In the entries below, find the line with "Cadre de lit" and the line with "Sandalia de piel"; give again those lines and every line between them, exactly.
Top of Supplied material
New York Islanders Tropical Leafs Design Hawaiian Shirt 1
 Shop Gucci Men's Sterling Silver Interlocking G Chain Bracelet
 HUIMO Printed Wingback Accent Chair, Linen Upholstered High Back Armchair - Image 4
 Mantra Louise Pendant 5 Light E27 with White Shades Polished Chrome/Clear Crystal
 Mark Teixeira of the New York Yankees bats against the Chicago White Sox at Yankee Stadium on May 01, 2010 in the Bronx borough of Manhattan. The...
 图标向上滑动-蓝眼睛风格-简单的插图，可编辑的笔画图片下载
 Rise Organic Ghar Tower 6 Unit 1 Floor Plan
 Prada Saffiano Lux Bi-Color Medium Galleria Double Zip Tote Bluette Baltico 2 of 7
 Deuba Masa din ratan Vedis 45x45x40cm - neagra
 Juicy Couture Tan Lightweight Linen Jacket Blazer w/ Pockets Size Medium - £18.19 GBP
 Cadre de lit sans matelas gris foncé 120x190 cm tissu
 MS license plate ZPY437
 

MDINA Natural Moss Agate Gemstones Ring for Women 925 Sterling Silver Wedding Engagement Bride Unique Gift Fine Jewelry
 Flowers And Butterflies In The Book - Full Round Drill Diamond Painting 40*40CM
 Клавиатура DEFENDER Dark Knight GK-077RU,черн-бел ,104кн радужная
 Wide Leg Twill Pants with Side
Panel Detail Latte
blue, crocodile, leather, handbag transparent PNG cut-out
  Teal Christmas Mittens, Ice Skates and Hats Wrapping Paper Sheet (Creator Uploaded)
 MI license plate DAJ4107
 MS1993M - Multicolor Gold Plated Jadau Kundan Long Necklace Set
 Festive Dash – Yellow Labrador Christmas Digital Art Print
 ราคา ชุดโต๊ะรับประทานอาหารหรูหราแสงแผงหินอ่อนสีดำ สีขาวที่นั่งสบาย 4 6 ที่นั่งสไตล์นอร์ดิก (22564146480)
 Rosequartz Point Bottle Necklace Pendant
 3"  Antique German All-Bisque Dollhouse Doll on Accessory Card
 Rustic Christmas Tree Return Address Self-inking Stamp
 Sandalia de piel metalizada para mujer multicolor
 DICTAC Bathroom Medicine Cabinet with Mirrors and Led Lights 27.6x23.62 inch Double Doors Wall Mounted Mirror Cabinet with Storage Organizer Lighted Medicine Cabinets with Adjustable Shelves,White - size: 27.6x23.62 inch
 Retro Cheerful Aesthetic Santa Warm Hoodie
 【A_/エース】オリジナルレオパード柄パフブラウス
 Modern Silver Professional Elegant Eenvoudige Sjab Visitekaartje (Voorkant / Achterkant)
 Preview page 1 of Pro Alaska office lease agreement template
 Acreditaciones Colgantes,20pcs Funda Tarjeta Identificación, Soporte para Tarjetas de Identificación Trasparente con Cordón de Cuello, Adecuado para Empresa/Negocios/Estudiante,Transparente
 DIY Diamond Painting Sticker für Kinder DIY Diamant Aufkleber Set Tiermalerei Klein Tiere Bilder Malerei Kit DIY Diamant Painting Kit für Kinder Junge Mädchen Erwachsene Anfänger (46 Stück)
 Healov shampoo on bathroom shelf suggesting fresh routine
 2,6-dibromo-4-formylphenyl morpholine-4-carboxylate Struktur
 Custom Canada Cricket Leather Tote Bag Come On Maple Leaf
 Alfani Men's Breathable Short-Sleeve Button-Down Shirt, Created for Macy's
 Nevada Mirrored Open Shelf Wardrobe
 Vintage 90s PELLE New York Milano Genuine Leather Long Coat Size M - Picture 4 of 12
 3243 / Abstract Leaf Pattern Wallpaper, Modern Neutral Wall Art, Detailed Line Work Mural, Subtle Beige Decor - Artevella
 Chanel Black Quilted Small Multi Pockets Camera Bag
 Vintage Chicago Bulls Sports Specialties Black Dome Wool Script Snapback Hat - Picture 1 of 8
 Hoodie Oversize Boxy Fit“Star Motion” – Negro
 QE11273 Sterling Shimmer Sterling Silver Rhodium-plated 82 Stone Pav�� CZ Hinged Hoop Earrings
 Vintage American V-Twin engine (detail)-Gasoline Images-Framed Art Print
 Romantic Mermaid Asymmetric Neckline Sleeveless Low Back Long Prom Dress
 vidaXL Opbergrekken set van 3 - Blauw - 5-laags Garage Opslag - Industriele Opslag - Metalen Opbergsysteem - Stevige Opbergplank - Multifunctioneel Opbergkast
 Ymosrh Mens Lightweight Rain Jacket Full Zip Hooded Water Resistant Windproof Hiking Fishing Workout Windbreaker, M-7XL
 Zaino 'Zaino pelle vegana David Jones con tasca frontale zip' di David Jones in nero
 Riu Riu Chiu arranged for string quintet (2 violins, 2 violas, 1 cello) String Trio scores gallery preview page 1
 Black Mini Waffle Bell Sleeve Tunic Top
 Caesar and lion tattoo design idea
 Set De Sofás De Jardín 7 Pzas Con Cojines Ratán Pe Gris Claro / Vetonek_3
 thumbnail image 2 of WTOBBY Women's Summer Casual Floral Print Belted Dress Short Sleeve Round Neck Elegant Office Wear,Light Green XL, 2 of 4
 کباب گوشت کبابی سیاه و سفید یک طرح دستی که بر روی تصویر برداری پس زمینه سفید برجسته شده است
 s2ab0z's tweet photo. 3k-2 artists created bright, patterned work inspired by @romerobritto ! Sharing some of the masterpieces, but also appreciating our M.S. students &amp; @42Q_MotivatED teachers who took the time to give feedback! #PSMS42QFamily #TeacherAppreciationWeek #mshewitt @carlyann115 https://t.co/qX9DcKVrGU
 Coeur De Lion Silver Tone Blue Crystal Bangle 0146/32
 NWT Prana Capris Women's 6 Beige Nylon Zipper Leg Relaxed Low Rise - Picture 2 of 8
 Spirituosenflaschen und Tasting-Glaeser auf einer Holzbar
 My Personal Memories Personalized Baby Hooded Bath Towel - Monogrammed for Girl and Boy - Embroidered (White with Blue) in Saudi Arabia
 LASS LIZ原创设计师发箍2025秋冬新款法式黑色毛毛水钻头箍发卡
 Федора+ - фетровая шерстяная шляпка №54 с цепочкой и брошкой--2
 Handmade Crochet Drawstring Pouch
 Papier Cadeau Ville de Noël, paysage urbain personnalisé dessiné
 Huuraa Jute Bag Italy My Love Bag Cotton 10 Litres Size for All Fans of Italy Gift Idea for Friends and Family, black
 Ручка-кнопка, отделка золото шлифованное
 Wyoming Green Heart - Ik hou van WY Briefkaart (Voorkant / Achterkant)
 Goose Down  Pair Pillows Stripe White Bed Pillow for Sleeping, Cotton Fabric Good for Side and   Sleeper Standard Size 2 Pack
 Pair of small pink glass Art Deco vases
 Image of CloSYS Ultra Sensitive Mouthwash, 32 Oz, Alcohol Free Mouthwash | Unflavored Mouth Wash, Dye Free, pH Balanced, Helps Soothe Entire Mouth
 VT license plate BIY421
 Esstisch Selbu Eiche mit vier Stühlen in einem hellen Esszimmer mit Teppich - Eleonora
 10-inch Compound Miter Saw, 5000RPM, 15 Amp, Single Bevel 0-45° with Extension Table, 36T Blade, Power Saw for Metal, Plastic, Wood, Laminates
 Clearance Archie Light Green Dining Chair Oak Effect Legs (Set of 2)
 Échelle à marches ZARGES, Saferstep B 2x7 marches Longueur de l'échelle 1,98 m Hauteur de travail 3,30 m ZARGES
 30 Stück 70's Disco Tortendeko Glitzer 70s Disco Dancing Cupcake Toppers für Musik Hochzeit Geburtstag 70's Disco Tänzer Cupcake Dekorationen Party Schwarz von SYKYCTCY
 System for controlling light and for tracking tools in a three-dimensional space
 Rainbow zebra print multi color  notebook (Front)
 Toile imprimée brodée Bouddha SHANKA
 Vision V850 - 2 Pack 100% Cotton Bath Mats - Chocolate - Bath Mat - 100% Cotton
Bottom of Supplied material
Response below:
 Cadre de lit sans matelas gris foncé 120x190 cm tissu
 MS license plate ZPY437
 

MDINA Natural Moss Agate Gemstones Ring for Women 925 Sterling Silver Wedding Engagement Bride Unique Gift Fine Jewelry
 Flowers And Butterflies In The Book - Full Round Drill Diamond Painting 40*40CM
 Клавиатура DEFENDER Dark Knight GK-077RU,черн-бел ,104кн радужная
 Wide Leg Twill Pants with Side
Panel Detail Latte
blue, crocodile, leather, handbag transparent PNG cut-out
  Teal Christmas Mittens, Ice Skates and Hats Wrapping Paper Sheet (Creator Uploaded)
 MI license plate DAJ4107
 MS1993M - Multicolor Gold Plated Jadau Kundan Long Necklace Set
 Festive Dash – Yellow Labrador Christmas Digital Art Print
 ราคา ชุดโต๊ะรับประทานอาหารหรูหราแสงแผงหินอ่อนสีดำ สีขาวที่นั่งสบาย 4 6 ที่นั่งสไตล์นอร์ดิก (22564146480)
 Rosequartz Point Bottle Necklace Pendant
 3"  Antique German All-Bisque Dollhouse Doll on Accessory Card
 Rustic Christmas Tree Return Address Self-inking Stamp
 Sandalia de piel metalizada para mujer multicolor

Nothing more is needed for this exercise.